We leave Bettmeralp on the cablecar (the only way in and out of the resort) and drop down to Betten station at 6pm for the final 2-hour train journey to Zermatt. Patrik takes the chance to enjoy an impromptu wine/cheese/meat/bread picnic. If he had a third hand, it’s a fair bet it would also contain food.

They certainly extract their money’s worth from the Matterhorn in Zermatt. Look around and almost every brand logo you see uses the iconic pointy triangle in some way. Nicolas (left), who works in the tourist office and is our guide for the day, says his boss calls the Matterhorn the hardest working member of their staff. And it doesn’t even need a loo break! The magnetism is the same when you’re on the mountain - your eyes are constantly drawn back to it… unless it’s lost in the clouds of course, as it was for much of our two days in swish, car-free Zermatt.

Compared with Bettmeralp, the last resort we visited, this place feels just vast. Zermatt seems to be doing all it can to connect everything to everything with chairlisfts crisscrossing cablecars and even train lines. The mountain is a crosshatch of high tensile cable zooming people as quickly up slopes as they can slide down.
In the low visibility of our first day, we’re grateful to have Nicolas as our guide. He takes us to Sunnegga and Rothorn, and he’s not hanging about. “Don’t worry about there being bumps on the piste, even in these conditions” he says. “They are prepared perfectly.” Still, after my white-out rib-cracking experience in Davos a week ago I’m a little cautious. And next time we stop, Nicolas seems suspiciously covered in snow. Out of politeness, we say nothing.
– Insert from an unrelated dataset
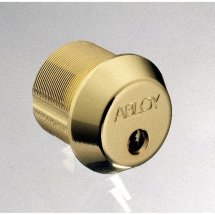 CY 404 ABLOY - цилиндр ANSI стандарта с дисковым механизмом секрета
We take an early lunch after a brilliant morning of careering around in the gloom. In the excellent Simi restaurant we find a table next to these lively ladies who have been making annual visits to Zermatt for more than 700 years… I think that’s what they said.

The sun comes out in the afternoon and Zermatt’s pistes offer endless miles of high-speed adventure. We’re tempted by the freeriding possibilities at Stockhorn, but Nicolas, who is an ice hockey player and so seems to have extra credibility, says it’s really not worth it because of the lack of recent snow. He also offers the following pearl of rib-wisdom: “Pain-wise, cracked or bruised ribs are worse than broken ribs.” Sounds plausible to me because I’ve had surprisingly little jip from mine.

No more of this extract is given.